The pathological nature of logical inference

It is important to note that both forwards and backwards inference involve searching in the process of ascertaining whether a goal is true. In forwards inference, a search must be made through all the consequences of the available facts to see if the goal belongs there. Some of these consequences will be quite irrelevant to the goal. In backwards inference, a search must be made through all possible ways in which the rules can be used to establish the goal as a conclusion. Some of these ways will be unsuccessful, because relevant conditions cannot be shown to be true.

One particular danger is that, given a particular set of facts and rules, the inference search space may be infinite, and the inference system may never terminate and tell us that a goal can or cannot be shown to be true. For instance, consider the use of the following information by a backwards inference system:


human(X) if human(Y) and mother(X, Y) human(beryl) mother(petunia, beryl)

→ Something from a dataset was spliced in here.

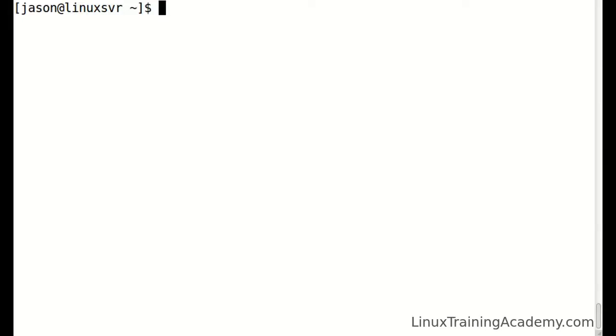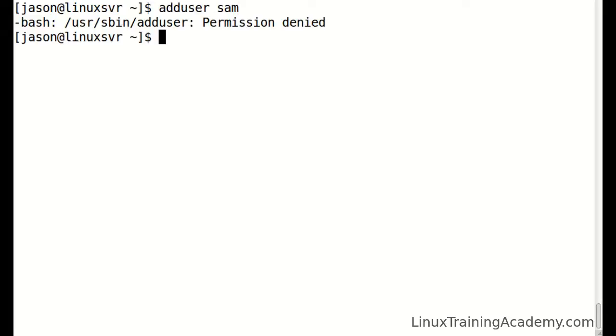If you ever forget to run a command with root privileges, you can simply repeat it by using sudo space exclamation mark, exclamation mark. Let's say if we were to add a user and we get a permission denied error, that's because we need to run it with super user privileges.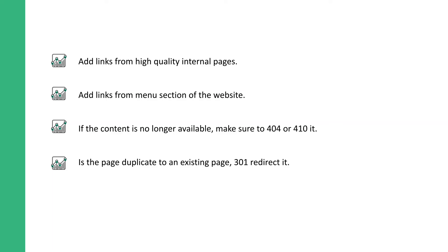How to fix orphan pages: add links from high quality internal pages, or add links from a menu section of the website. If the content is no longer available, make sure to 404 or 410 it. And if it's a duplicate of an existing page already on your website, 301 redirect it.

If we ask such a system to find all possible humans, using the first rule the system will generate a subgoal essentially identical to the original goal - to find a human X, it will seek to find a human Y. Of course, the use of this rule will be safe if the system has always found an example of X and Y in a mother relation before embarking on the recursive subgoal, which relies, of course, on mother terminating nicely. But, unless we give it this hint, or write the rule in a specific order using knowledge about how the inference system works, there is nothing to stop the system getting into an infinite loop. This particular problem is very similar to the left recursion problem that we encountered in Chapter 5 with top-down parsers. If we try to introduce checks to catch infinite loops, we are liable to cut out valid parts of the search space. For instance, it is quite reasonable to find a human by finding another human who is one of their parents. This is how we would establish that Petunia was a human. If we were not allowed to have 'looking for a human' as a subgoal of 'looking for a human', we could not show this (given our premises).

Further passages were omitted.